[Saved entries]
===

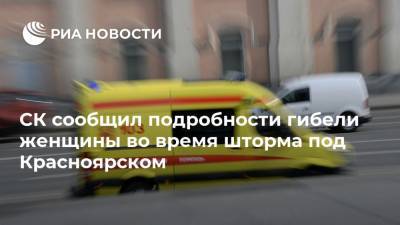 СК сообщил подробности гибели женщины во время шторма под Красноярском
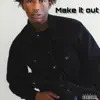 Make It Out (feat. ManManBitxh) - Single album lyrics, reviews, download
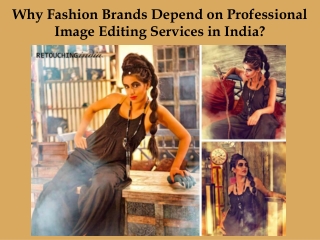 Why Fashion Brands Depend on Professional Image Editing Services in India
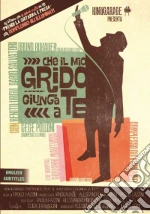 (Music Dvd) Complesso Degli Illuminati - Che Il Mio Grido Giunga a Te/Prendi La Chitarra e Prega (Dvd+Cd) cd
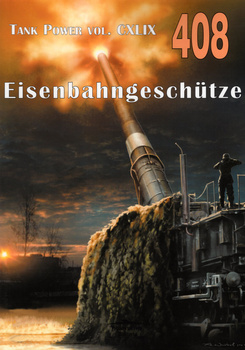 Eisenbahngeschütze - Tank Power vol. CXLIX nr 408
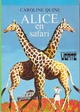  Achetez le livre d'occasion Alice en safari de Caroline Quine sur Livrenpoche.com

===

# [PROBLEM]
Include the first line of the records, the line containing "(Music Dvd) Complesso", and every line between them, repeated exactly. Skip the pictures.

# [EXPECTED OUTPUT]
 СК сообщил подробности гибели женщины во время шторма под Красноярском
 Make It Out (feat. ManManBitxh) - Single album lyrics, reviews, download
 Why Fashion Brands Depend on Professional Image Editing Services in India
 (Music Dvd) Complesso Degli Illuminati - Che Il Mio Grido Giunga a Te/Prendi La Chitarra e Prega (Dvd+Cd) cd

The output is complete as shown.